The near-universal opposition to Trump’s decision by much of the military, intelligence, and foreign policy establishment is not out of concern for the fate of the Palestinians or international law. Rather, they fear that effectively recognizing exclusive Israel control over the third holiest city in Islam will provoke a backlash throughout the Islamic world. Reactionary clerics and other Islamist extremists, building on centuries of resentment going back to the Jerusalem’s conquest by the Crusaders nearly a millennium ago, will likely take advantage of popular outrage over the decision to encourage violent attacks, including terrorism, targeting U.S. interests.

  In fact, Trump may be seeking just such an outcome. Since launching his presidential campaign, he has gone to great lengths to stoke bigotry and fear against Muslims, as exemplified in his recent decision to retweet [4] misleading anti-Muslim videos compiled by a British neo-fascist group. Any rioting and acts of terrorism by Muslims in reaction to Trump’s decision would only reinforce his narrative and his agenda for restricting immigration and bombing Muslim countries.

   Trump’s announcement is actually the culmination of years of pressure by a large bipartisan majority of Congress and leaders of both political parties towards the White House. It represents the fulfillment of the Jerusalem Embassy Act of 1995 [5], which mandates that the United States move its embassy to Jerusalem, though the bill allows a president to waive that requirement every six months if deemed in the national interest.

  In the Senate, the bill was cosponsored by such prominent Senate Democrats as Joe Biden and John Kerry and only one Democrat (the late Robert Byrd) voted no. On the House side, just thirty out of 204 Democrats voted no, along with the independent then-Congressman Bernie Sanders.

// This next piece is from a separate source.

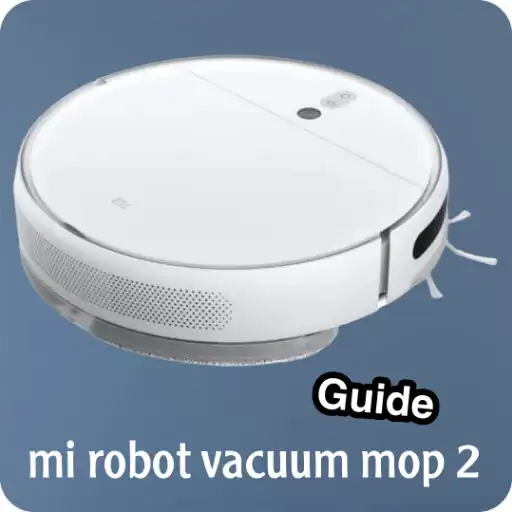 Play mi robot vacuum mop 2 guide APK Play mi robot vacuum mop 2 guide APK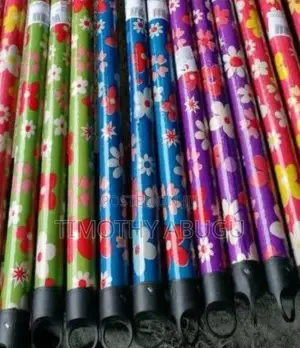 Wooden Mopping Sticks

   Since then, every President has taken advantage of the waiver to prevent such a provocative move, despite continued bipartisan pressure from Congress. As recently as this past June, just days after Trump issued his first waiver of the requirement, the Senate voted 90-0 in favor of a resolution [6] re-affirming the 1995 law and calling on President Trump “to abide by its provisions.” Co-sponsors included such leading Democrats as majority leader Chuck Schumer and Ben Cardin, ranking Democrat on the Foreign Affairs Committee, as well as Tammy Baldwin, Kirsten Gillibrand, Cory Booker, and Ron Wyden.

   Schumer has openly encouraged [7] Trump to move the embassy and previously criticized his “indecisiveness” on the issue.

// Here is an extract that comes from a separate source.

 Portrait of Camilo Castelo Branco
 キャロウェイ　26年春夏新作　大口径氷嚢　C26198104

   Support by Congressional Democrats and party leaders for moving the embassy is not due to demand from their constituents. A recent poll [8] shows that 81 percent of Democrats oppose moving the embassy while only 15 percent approve. And polls show [9] there is not strong support for such a move among American Jews, either. This is an extreme example of how the Democratic leadership and Congressional delegation diverge from their constituencies on major foreign policy issues.

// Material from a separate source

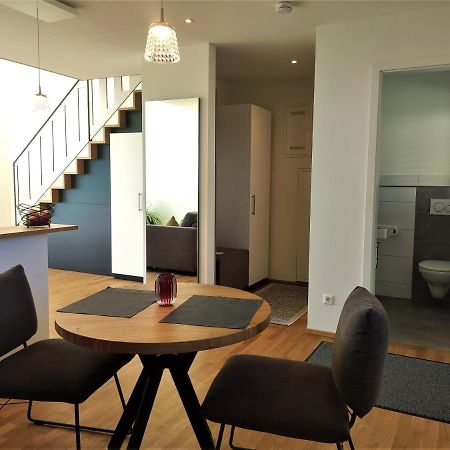 Hecklers Seepanorama Appartements Uberlingen Exteriér fotografie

   For decades, the platforms of both the Republican and Democratic parties have called for recognition of Jerusalem as the undivided capital of Israel. Neither party has acknowledged that Jerusalem is the commercial, cultural, educational, and religious center for Palestinian life.

   In 2012, then-Los Angeles mayor and current California gubernatorial candidate Antonio Villaraigosa, violated party rules [10] by inserting an amendment into the Democratic Party platform recognizing Jerusalem as Israel’s capital without the requisite two-thirds majority. In the 2016 platform [11], nominee Hillary Clinton—an advocate of moving the U.S. embassy to Jerusalem—successfully pushed for language declaring that Jerusalem “should remain the capital of Israel” while again saying nothing of Palestinian concerns.

  Trump’s dangerous and provocative move regarding Jerusalem—like so many of his reckless policies both abroad and at home—requires strong, broad-based opposition. It is unfortunate that, at least in this case, there is no real opposition party.

Stephen Zunes is a professor of politics and coordinator of Middle Eastern Studies at the University of San Francisco.